Indeed, Afghan Pashtuns have long disputed the notorious Durand line - the frontier which divided Afghanistan from British India and which now forms the Afghan-Pakistan border. In 1897, Sir Mortimer Durand took no account of the fact that the Afghan Empire once included much of what would become present-day Pakistan.
Hence, today, the constant fear for Pakistan's leader, General Pervez Musharraf, is not so much an Islamic revolution but a rebirth of the notorious demand for "Pushtunistan" in the North-West Frontier province.
A remark by a victorious Northern Alliance official - that his men might push on to "the Pashtun city of Karachi" - caused a minor political heart attack in Islamabad. In similar fashion, the journalistic idea that Taliban leaders might "flee over the border into Pakistan" seems a lot less odd to the Taliban themselves - who would merely be moving across an artificial British-made border into another part of the Pashtun tribal area.

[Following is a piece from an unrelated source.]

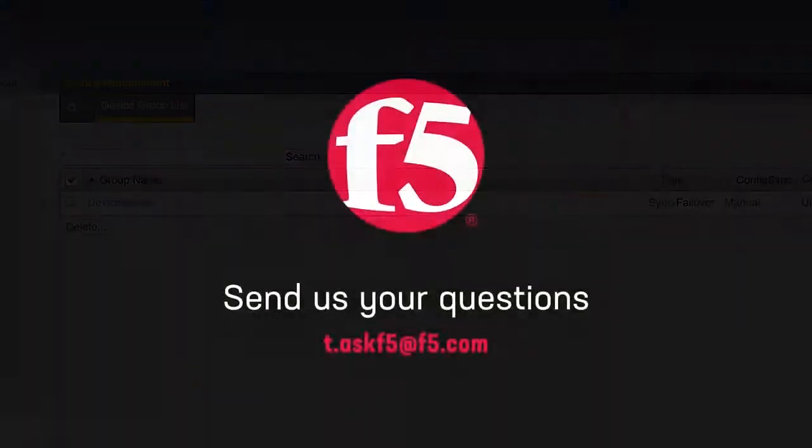That's it. If you have any questions or ideas for other videos, please leave a comment or send us an email. Thank you for watching.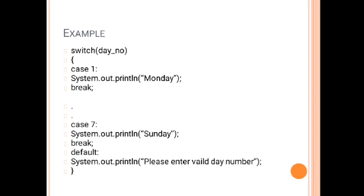In case if they cannot enter a valid number, very politely you have to give a message that please enter the valid statement. After that we will close the switch bracket. Now let's understand this program in detail.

Of course, it's not difficult to see how we Westerners like the idea of a loya jirga. All we have to do is supervise a massive congress of Afghan tribesmen - forgetting that the loya jirga is totally unrepresentative because women are banned - in order to produce a power-sharing government of the kind that the British created in Northern Ireland.
Only it's not like that. The loya jirga became part of Afghan tradition when, in 1747, Ahmed Abdalli took 4,000 soldiers to Kandahar - which was then just two small towns - and brought together the leaders of the eight major Pashtun tribes. They chose Ahmed Durani as the king. But since then, despite the inclusion of Tajiks, Uzbeks and Hazaras, Pashtuns have ruled Afghanistan for all but three brief periods of the 20th century.
It's easy to see why. The Uzbeks never had loya jirgas. The Tajiks are an urban, non-tribal group. How can they obtain equal or proportionate weight in such a meeting when they do not have tribal leaders? Will the Tajiks have one representative for the Pashtuns' eight or more?
Nor can history be excluded. The Shia Muslim Hazaras - who may or may not owe their origins to Genghis Khan's invading hordes - were the victims of savage repression at the hands of Pashtun forces under the "Iron Emir", King Abdur Rahman, in 1880. Abdur Rahman, it should be added, repressed his own Pashtun people as well. He had been invited to rule Afghanistan by - you guessed it - the British government.